>>>
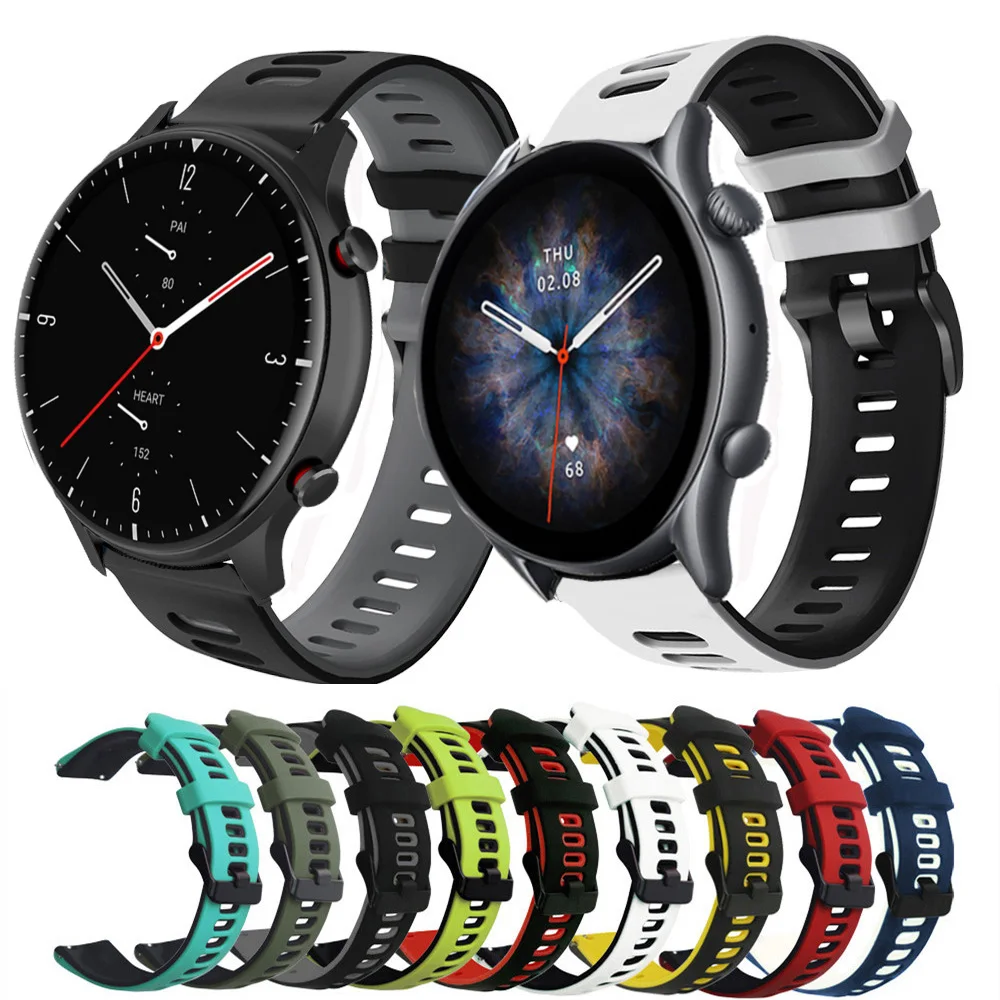 

Ремешок для спортивных часов Amazfit GTR 3 Pro, силиконовый браслет для Huami Amazfit GTR 3 2 2E Pace Stratos 2S 2 3, 22 мм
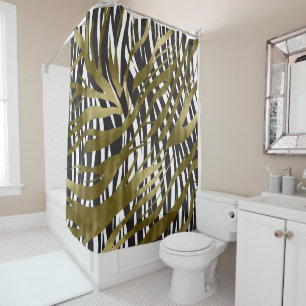 Zwart & Goud Zebraprint Safari Chic Glamour Douchegordijn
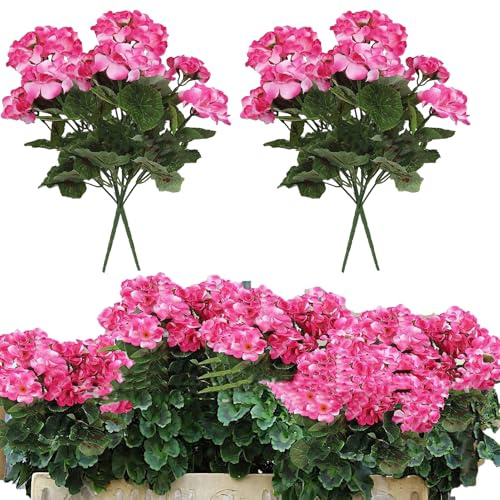 Wnvivi 6 Stück 36 cm Künstlicher Geranien-Blumenstrauß, Künstliche Seidengeranien, Blumenarrangement, Zweige, Künstliche Begonienblüten, Busch für Heimdekoration(Rosa)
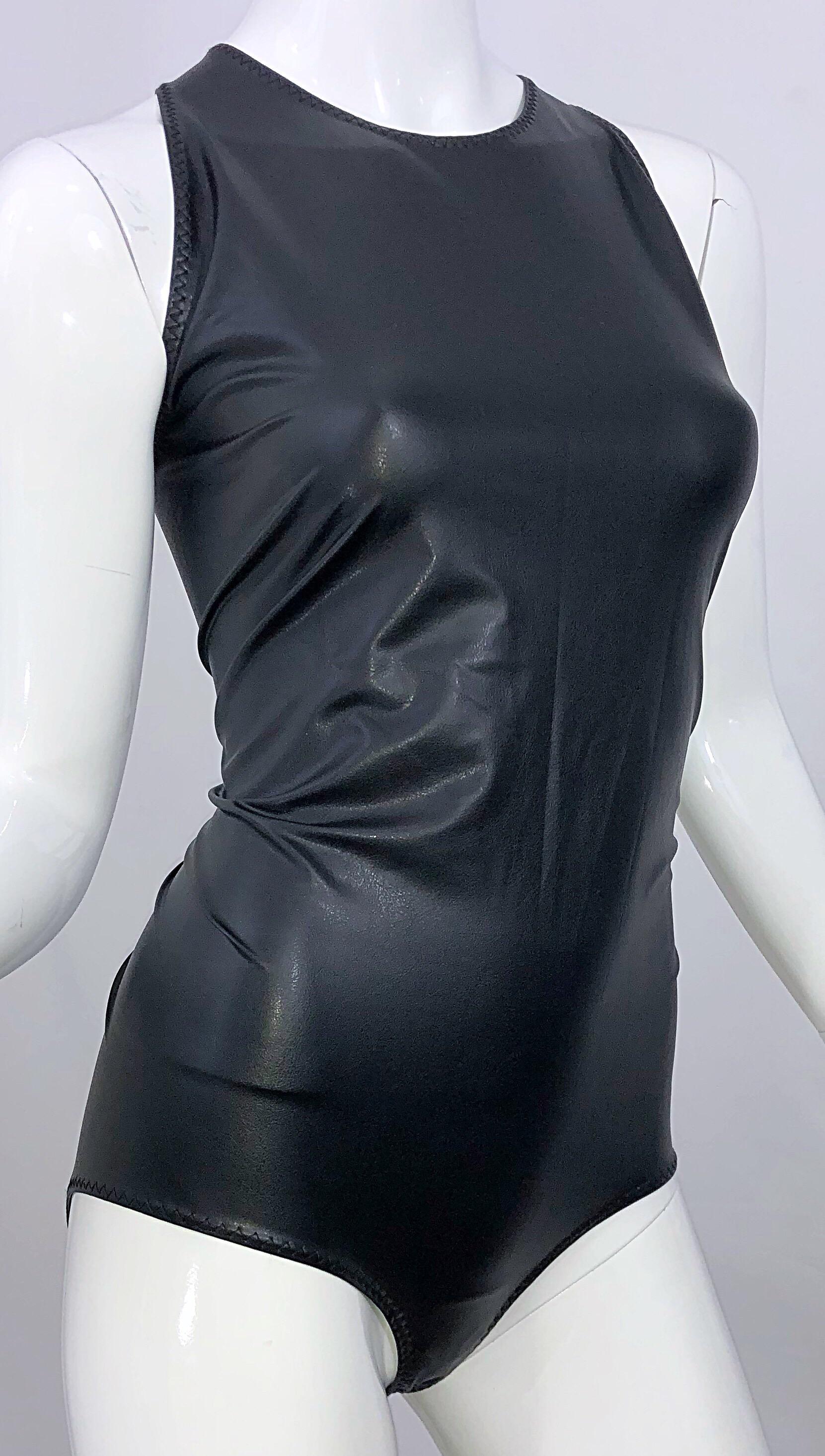 Women's New 1990s Bottega Veneta Size 44 / 12 Black Pleather Dominatrix Fetish Bodysuit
<<<
▶ [Exercise instructions]:
Leave out the pictures, and retype exactly the lines from the one containing "Wnvivi 6 Stück" through the last line of the data above, no more and no less.

▶ [Task response]:
 Wnvivi 6 Stück 36 cm Künstlicher Geranien-Blumenstrauß, Künstliche Seidengeranien, Blumenarrangement, Zweige, Künstliche Begonienblüten, Busch für Heimdekoration(Rosa)
 Women's New 1990s Bottega Veneta Size 44 / 12 Black Pleather Dominatrix Fetish Bodysuit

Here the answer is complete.